KATLİAM TANIK İFADELERİNDE
Hastanede yaşanan vahşet, gözaltına alınan kişilerin emniyet ifadelerine de yansıdı. Dosya kapsamında gözaltına alınan ve tutuklanan, katliamdan bir yıl sonra 2019 yılında Suruç Jandarma Komutanlığı’nda korucu Müslüm Yıldız’ın (30), KOM Şube Müdürlüğü’nde “Kasten öldürme-Kasten Yaralama” nedeniyle alınan ifade tutanağında, hastanede bulunan kimi tanık ifadeleri de yer aldı.
‘KİMSE CANLI ÇIKMAYACAK’
Savcılık tarafından tanık olarak ifadesi alınan Mert Y., hastanede saldırı yaşandığı esnada “kamera odaları nerede” diye bağrışmalar duyduğunu ve bir kameranın sökülmüş olduğunu belirtti.
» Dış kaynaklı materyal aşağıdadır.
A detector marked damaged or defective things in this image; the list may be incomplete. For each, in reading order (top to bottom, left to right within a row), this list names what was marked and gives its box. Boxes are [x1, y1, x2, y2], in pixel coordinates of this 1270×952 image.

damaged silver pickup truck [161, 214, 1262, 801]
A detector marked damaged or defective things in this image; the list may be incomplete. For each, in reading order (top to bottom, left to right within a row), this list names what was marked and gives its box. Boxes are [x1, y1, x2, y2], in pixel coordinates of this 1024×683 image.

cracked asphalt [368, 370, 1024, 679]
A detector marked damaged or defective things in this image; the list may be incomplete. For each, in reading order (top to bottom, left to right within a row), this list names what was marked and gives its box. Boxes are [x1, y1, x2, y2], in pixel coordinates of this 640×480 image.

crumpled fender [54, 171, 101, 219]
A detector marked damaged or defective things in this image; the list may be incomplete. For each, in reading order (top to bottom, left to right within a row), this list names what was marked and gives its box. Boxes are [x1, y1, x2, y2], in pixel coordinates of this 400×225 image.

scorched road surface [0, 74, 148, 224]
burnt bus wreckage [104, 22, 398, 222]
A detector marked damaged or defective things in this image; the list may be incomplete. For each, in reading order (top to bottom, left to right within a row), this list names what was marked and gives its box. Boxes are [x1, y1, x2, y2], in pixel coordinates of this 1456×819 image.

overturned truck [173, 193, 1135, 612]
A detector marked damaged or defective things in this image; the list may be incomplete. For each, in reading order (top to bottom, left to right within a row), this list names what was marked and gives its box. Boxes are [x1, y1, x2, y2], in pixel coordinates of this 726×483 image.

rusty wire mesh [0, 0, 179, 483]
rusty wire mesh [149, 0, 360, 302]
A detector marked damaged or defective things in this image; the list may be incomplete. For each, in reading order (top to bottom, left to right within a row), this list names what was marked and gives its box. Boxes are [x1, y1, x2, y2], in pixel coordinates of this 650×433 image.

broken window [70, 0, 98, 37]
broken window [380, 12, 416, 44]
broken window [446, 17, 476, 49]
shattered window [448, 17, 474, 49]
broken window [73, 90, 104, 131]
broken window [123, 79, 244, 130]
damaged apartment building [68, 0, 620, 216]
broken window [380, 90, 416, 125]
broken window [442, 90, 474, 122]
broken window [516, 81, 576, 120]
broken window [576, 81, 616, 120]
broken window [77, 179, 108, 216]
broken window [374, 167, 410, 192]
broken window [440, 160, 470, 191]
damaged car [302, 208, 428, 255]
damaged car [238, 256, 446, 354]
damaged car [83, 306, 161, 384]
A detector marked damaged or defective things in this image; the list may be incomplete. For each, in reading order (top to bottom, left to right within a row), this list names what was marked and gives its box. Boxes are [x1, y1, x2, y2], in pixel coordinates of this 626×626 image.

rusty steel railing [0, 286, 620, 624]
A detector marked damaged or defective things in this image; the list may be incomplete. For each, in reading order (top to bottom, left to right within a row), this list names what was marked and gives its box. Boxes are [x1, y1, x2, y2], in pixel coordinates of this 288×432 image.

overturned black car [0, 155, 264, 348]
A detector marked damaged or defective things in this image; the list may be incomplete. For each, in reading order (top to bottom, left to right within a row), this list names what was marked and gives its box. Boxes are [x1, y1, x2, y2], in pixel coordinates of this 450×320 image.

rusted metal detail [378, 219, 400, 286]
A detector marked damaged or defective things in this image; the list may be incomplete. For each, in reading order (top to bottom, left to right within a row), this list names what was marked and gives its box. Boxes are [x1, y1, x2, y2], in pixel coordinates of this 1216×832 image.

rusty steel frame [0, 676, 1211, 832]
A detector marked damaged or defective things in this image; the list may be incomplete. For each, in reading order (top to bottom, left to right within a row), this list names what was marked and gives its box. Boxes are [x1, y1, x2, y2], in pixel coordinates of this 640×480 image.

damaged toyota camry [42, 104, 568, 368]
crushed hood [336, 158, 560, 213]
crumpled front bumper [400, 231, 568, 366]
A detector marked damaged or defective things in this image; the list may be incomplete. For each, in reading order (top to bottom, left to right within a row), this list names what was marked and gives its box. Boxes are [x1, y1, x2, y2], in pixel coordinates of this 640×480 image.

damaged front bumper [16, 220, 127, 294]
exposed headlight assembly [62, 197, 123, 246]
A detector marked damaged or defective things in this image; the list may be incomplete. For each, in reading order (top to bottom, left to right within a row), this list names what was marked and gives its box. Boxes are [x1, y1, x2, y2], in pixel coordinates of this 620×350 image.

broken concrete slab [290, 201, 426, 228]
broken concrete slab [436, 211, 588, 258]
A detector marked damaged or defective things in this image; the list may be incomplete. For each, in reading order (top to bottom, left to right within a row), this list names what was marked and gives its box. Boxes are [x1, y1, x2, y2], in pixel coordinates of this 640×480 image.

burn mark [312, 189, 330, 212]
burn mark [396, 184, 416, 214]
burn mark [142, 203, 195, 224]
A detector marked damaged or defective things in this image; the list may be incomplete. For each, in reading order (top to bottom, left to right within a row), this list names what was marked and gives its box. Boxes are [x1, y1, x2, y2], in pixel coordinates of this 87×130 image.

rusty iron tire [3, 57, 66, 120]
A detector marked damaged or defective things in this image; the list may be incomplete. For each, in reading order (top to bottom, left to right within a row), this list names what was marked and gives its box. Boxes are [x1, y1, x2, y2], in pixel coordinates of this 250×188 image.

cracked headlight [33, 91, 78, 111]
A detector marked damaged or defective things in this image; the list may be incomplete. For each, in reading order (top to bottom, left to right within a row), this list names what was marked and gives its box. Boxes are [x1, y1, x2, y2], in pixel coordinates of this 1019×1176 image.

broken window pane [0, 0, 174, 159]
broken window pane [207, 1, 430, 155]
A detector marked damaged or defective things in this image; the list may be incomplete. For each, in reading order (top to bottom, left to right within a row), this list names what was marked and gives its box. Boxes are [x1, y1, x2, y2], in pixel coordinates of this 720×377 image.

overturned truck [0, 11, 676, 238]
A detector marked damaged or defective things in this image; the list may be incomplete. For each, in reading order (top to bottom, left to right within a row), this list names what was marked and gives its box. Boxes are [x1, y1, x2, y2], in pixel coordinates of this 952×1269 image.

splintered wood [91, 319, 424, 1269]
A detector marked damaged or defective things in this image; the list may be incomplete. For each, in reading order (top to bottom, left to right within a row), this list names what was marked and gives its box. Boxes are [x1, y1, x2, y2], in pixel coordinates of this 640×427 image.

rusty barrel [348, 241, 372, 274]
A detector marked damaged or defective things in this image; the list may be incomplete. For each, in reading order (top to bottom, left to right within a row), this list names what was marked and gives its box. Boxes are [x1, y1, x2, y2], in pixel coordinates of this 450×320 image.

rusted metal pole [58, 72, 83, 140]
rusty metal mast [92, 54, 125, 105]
Hastanenin sarı alanına geçtiğinde, çocukları için hastaneye giden baba Hacı Esvet Şenyaşar’ı sedyede yaralı bir vaziyette gördüğünü ifade eden Mert Y., hastanenin duvarlarında ise kan izleri olduğunu sözlerine ekledi. Hastanede bulunan kalabalığın yaralıları taşıyan ambulanslara zarar verdiğini, yaralıları taşımasına engel olduğunu kaydeden Mert Y., sevk esnasında kalabalık grubun “Buradan kimse canlı çıkmayacak” diye bağırmaya başladığını aktardı.
‘İŞLEM YAKLAŞIK BİR SAAT ALIR’
Kamil K. isimli tanık ise, emniyetin talebi ile hastaneye gittiğini, kayıt sistemi ile ilgili bir bulgu bulamadığını söyledi. Kayıt cihazlarının bulunduğu odanın camlarının kırıldığını belirten Kamil K., "400 kadar kamera ucu tek tek sökülerek kayıt cihazı çıkarılmış. Her biri 10 kilogram olan 8 adet DVR, 15 kilogram olan 3 adet matriks götürülmüş. Yaklaşık 100 kilogram üzerinde bir eşya pencereden çıkarılarak profesyonel şekilde götürülmüş. Bu işlem yaklaşık 1 saat alır. Olay günü görüntülerinin yeniden getirilme ihtimali bildiğim kadarı ile mümkün değil" diye belirtti.
30 KİŞİLİK GRUP
Gözaltına alınan ve devamında “Haftada iki gün imza atma şartı ile adli kontrol” ve “Yurt dışı yasağı” kararı ile serbest bırakılan Mustafa Durmaz’ın (43) alınan emniyet ifadesinde tanık olarak gösterilen, hastanede bulunan Serkan Ş. de, “Hastanede bulunan yaralı bir kişiye saldırıldığını gördüm. Bunun üzerine yaralı şahsı alıp müşahede odasına aldık. Yaklaşık 30 dakika sonra hastane içinden silah sesi duyduk. İçeri girdiğimizde müşahede odasında yaklaşık 30 kişilik bir grup vardı. Dışarıya doğru bu grup kaçtı” şeklinde konuştu.